Paylaş
HÜRRİYET'te Fransa'da rekor kartpostal satışı başlıklı haberi okuduğunuzu umarım. Dün yayınlandı:
'Fransa'da kartpostal satışları, giderek gelişen yeni iletişim teknolojilerine meydan okuyor. France Soir gazetesinin araştırmasına göre, cep telefonu ve e-mail haberleşmesinin giderek yaygınlaşmasına rağmen, 1999 yılında Fransa'da 350 milyon kartpostal satıldı.'
Teknolojinin yok edemediği zevklerden, tutkulardan biri kartpostal.
Gittiğimiz, gezdiğimiz diyarlardan sevdiklerimize kartpostal göndeririz. Kartpostaldaki fotoğraf; yaşadığımız çevreyi, yazdıklarımız; o andaki ruh halimizi yansıtır.
Hele o dokunma duygusu yok mu ...
Binlerce e-mail'in yaratamadığı sıcaklığı bize hissettirir.
Bilişim Fuarı'nı gezerken, her an peşimi bırakmayan bir söz zihnimde yankılanıyordu: Dokunmak.
Kitap da, káğıt da ebed*ı dostlarımız kalacak.
Ekrana bakarken okuduğumuz yazıyla, gazetenin sayfalarına gömüldüğümüzde okuduğumuz yazı aynı değildir.
Kartpostalları, sadece donuk bir fotoğraf karesi olarak görmemeliyiz.
O şehrin tarihini, bir dönemi karpostaldan öğrenmek mümkündür.
İnsan ille de gittiği yeri sevdiklerine tanıtmak ister. Hem onları unutmadığını belli eder hem de yaşadığı yerin şartlarının tanıklığını iletir.
Övünme de bu duygunun içine girer.
Ah sen de yanımda olsaydın, sözü yazılsa da yazılmasa da vardır o satırlarda, ya derdi ya da mutluluğu bölüşmek için.
* * *
KARTPOSTAL yoluyla verilen bilgiler, öğretilen tarih, küçümsenemeyecek boyuttadır.
Tabii kartpostalı okumayı -arkalarını değil yüzünü- biliyorsanız.

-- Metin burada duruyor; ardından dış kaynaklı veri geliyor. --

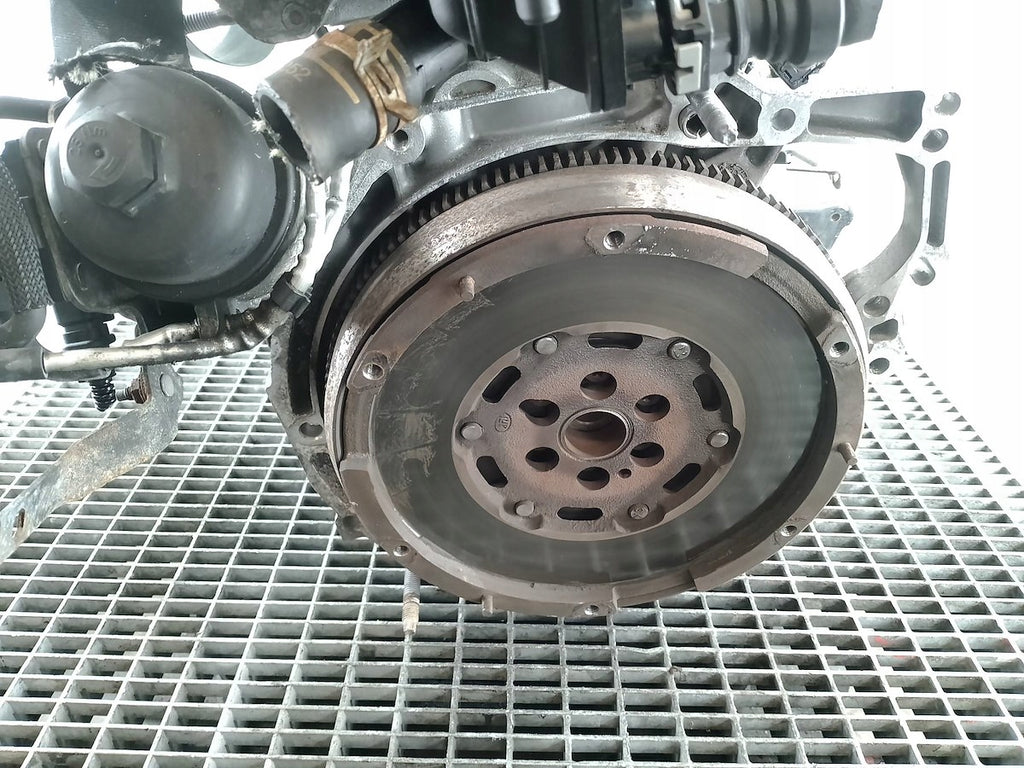 Motor Peugeot 308 II 9H05 1.6 EHDI 2014 Diesel Engine Unkomplett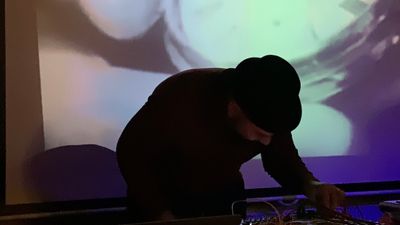Hyper Trip-Hop AV performance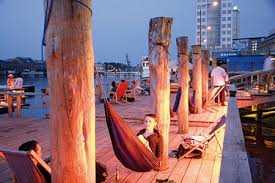 Auch Im Winter Ein Besuch Wert Badeschiff Berlin Add This To Your Berlin Berlin Urlaub Stadtstrand Berlin Spree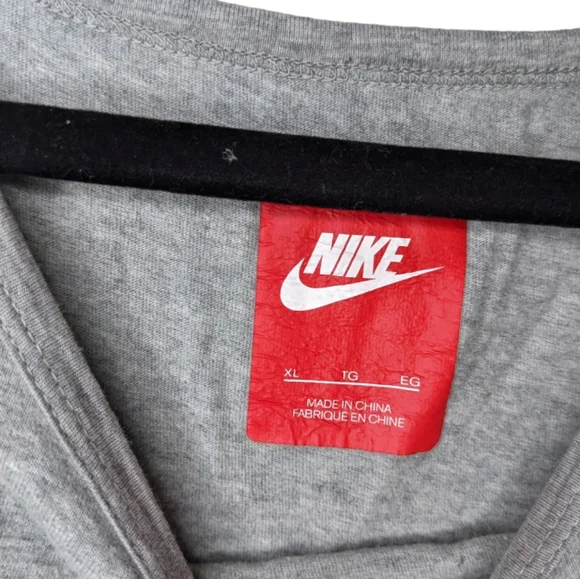 Nike Youth "Just Do It" Gray Tank Top Size XL 💪 - Picture 5 of 9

Kartpostallardan oluşan bir posteri yazmalıyım:
Pet&Wild dergisi bu posteri dergiyle birlikte armağan olarak okurlarına dağıtmış:
Adı beni çok etkiledi:
Dönemin En İyi Fotoğraf Sanatçıları Tarafından Çekilmiş ve Değerli Kartpostallar Olarak Günümüze Ulaşmış 19.yy Başlarında İstanbul Sokak Köpekleri. (Hagop Savul Arşivi )
O fotoğraflarda sokak köpeklerini, onları besleyen insanları görüyorsunuz. Terkedilmişlik, sahipsizlik duygusu bir insan görüntüsünden daha çok içime dokundu, bu fotoğraflarda.
İçlerinden birinin altındaki yazı çok hoşuma gitti: Siesta.
Sokak köpekleri uyuyor, ola ki bir yaz öğle sonrasında.
Eski İstanbul'un görsel tarihini kartpostallarda bulabilirsiniz. Yalnız İstanbul'u mu, bir çok Anadolu kentini.
Ahmet Eken'in Kartpostallarda İstanbul'unu, Ozan Sağdıç'ın Ankara Post-kartları ve Belge Fotoğrafları'nı, Perihan Sarıöz'ün Bir Zamanlar İstanbul'unu, Kartlarda Yaşayan İstanbul'u seyrederseniz, iki şehrin de binasından, insanına kadar gelişimini, değişimini, bozuluşunu izleyebilirsiniz.
Çok sevdiğim karpostal katalogu da Kurtuluş Yayınları'nın bir zamanlar yayınladığı Kartpostal Kitabı. Ünlü ressamların en seçkin tabloları kartpostal haline getirilmiş. Gönderdiğiniz kişiye zevkinizi de iletmiş oluyorsunuz.
* * *
KARTPOSTAL gönderin. Sevginize dokunabilsinler.